Exercise objective:
Take the line that holds "ct kolano renderowania" and every line after it to the end of the entries, and repeat them exactly without the pictures.

BEGIN Source material

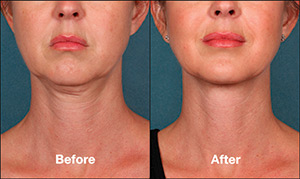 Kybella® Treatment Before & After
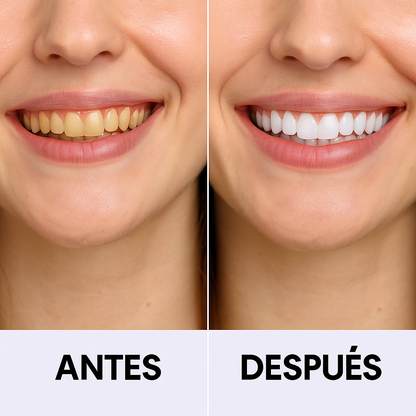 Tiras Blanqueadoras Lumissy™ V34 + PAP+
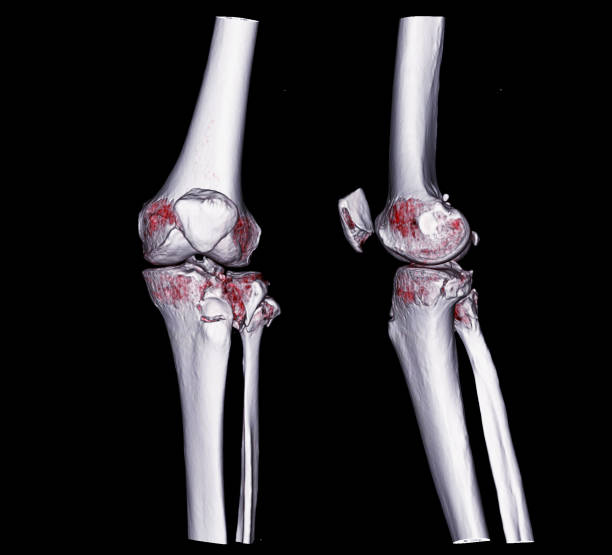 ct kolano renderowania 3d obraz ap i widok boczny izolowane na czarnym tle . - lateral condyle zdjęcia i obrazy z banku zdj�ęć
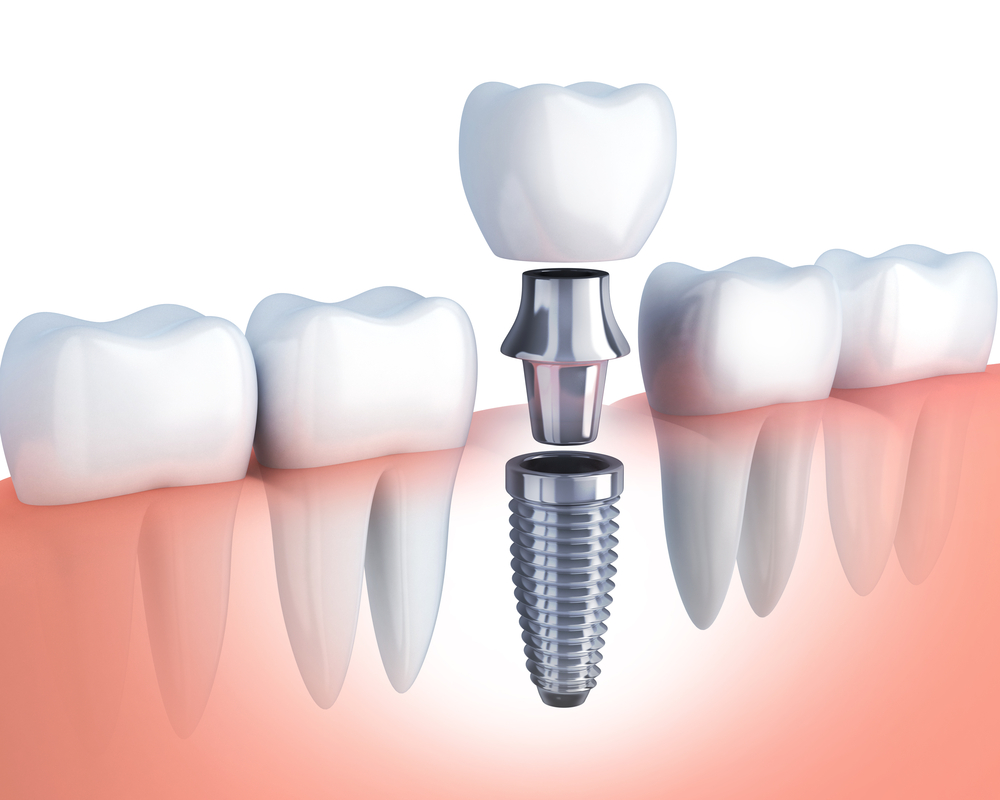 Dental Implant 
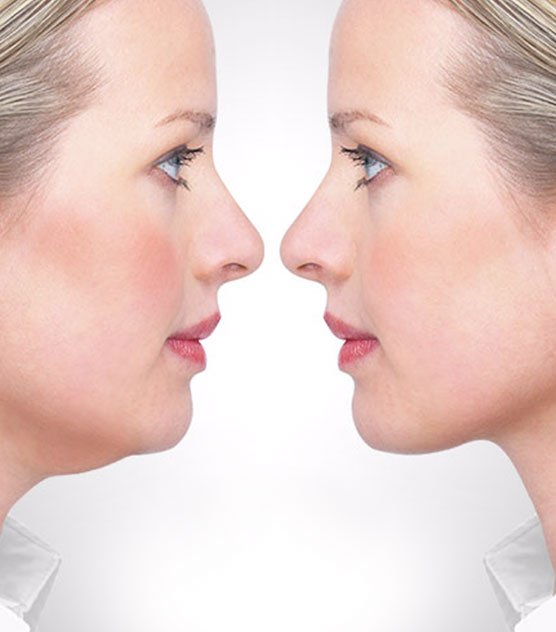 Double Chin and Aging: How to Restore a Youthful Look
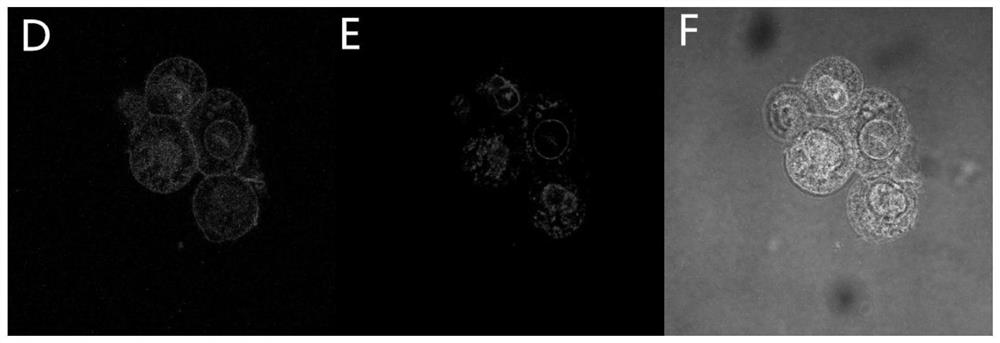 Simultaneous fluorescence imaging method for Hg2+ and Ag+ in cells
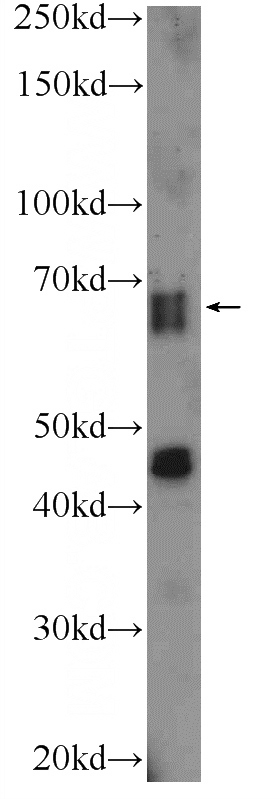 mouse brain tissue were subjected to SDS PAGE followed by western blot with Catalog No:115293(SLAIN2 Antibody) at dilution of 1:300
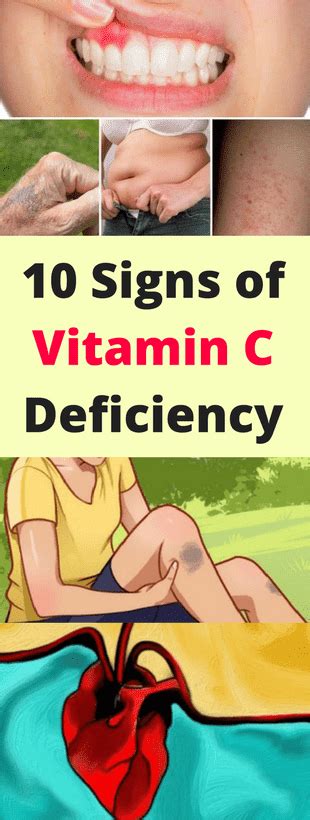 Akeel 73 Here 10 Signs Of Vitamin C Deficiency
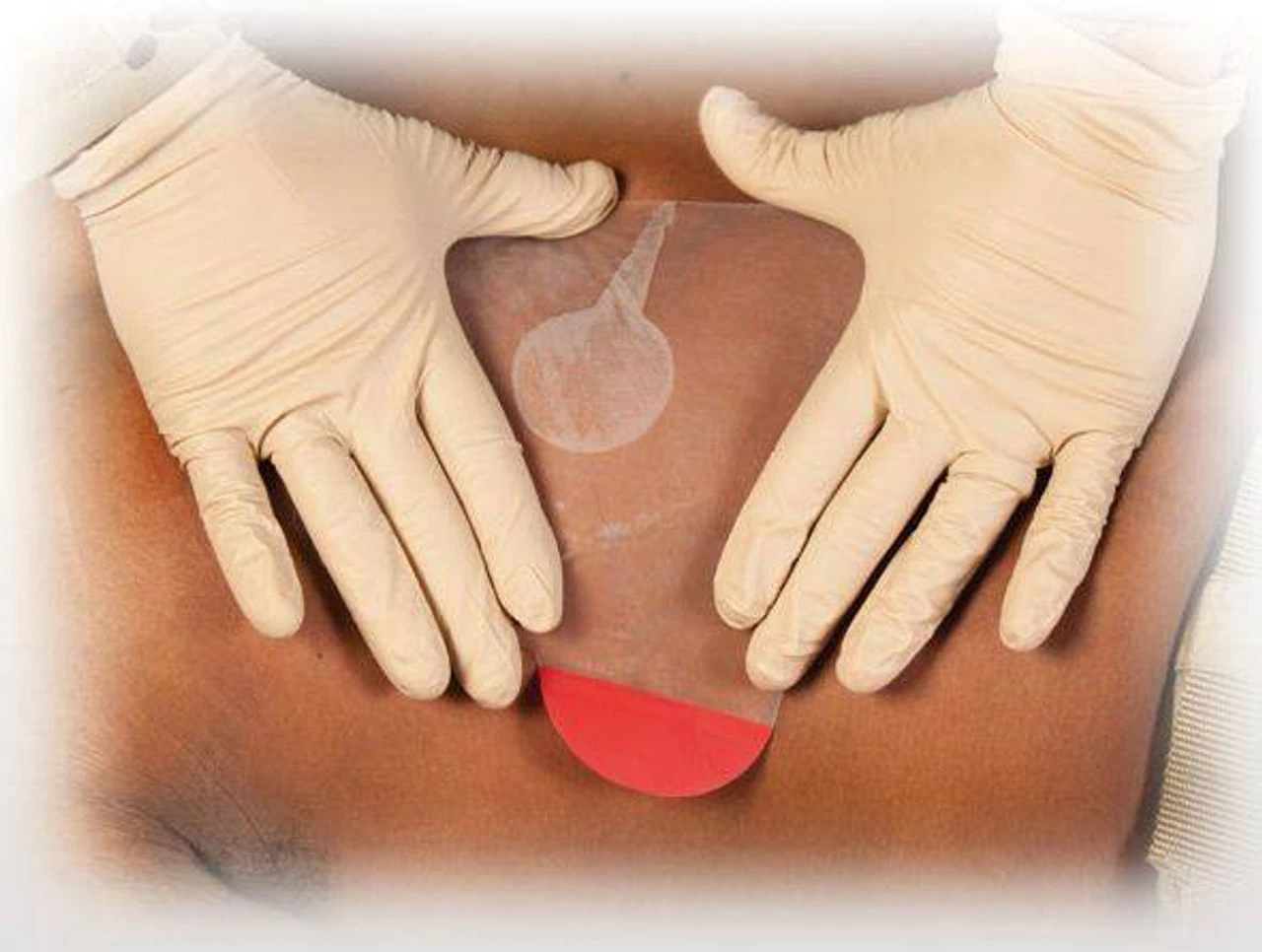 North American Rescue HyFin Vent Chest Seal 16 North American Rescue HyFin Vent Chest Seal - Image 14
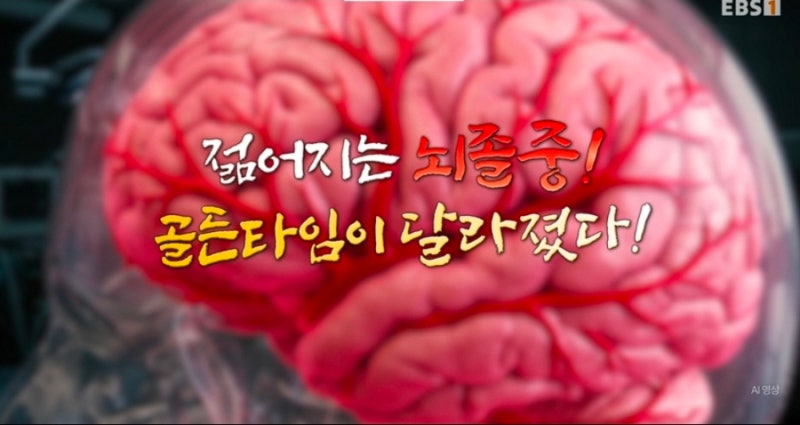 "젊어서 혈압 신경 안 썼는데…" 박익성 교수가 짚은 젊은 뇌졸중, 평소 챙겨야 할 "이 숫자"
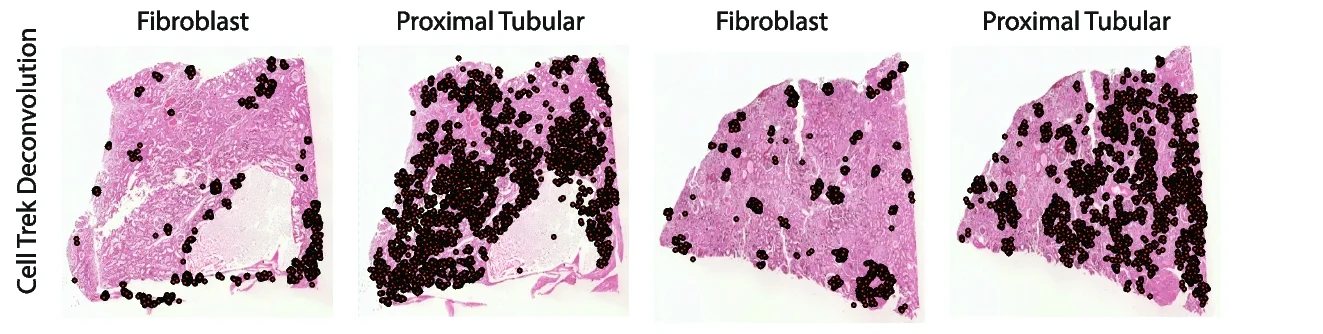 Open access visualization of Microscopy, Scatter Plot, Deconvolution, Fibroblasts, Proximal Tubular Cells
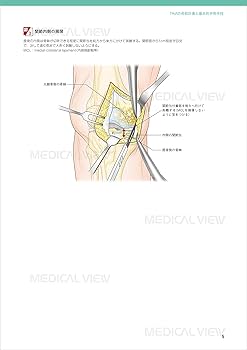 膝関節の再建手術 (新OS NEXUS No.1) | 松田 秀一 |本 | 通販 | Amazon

END Source material

Reply to the task:
 ct kolano renderowania 3d obraz ap i widok boczny izolowane na czarnym tle . - lateral condyle zdjęcia i obrazy z banku zdj�ęć
 Dental Implant 
 Double Chin and Aging: How to Restore a Youthful Look
 Simultaneous fluorescence imaging method for Hg2+ and Ag+ in cells
 mouse brain tissue were subjected to SDS PAGE followed by western blot with Catalog No:115293(SLAIN2 Antibody) at dilution of 1:300
 Akeel 73 Here 10 Signs Of Vitamin C Deficiency
 North American Rescue HyFin Vent Chest Seal 16 North American Rescue HyFin Vent Chest Seal - Image 14
 "젊어서 혈압 신경 안 썼는데…" 박익성 교수가 짚은 젊은 뇌졸중, 평소 챙겨야 할 "이 숫자"
 Open access visualization of Microscopy, Scatter Plot, Deconvolution, Fibroblasts, Proximal Tubular Cells
 膝関節の再建手術 (新OS NEXUS No.1) | 松田 秀一 |本 | 通販 | Amazon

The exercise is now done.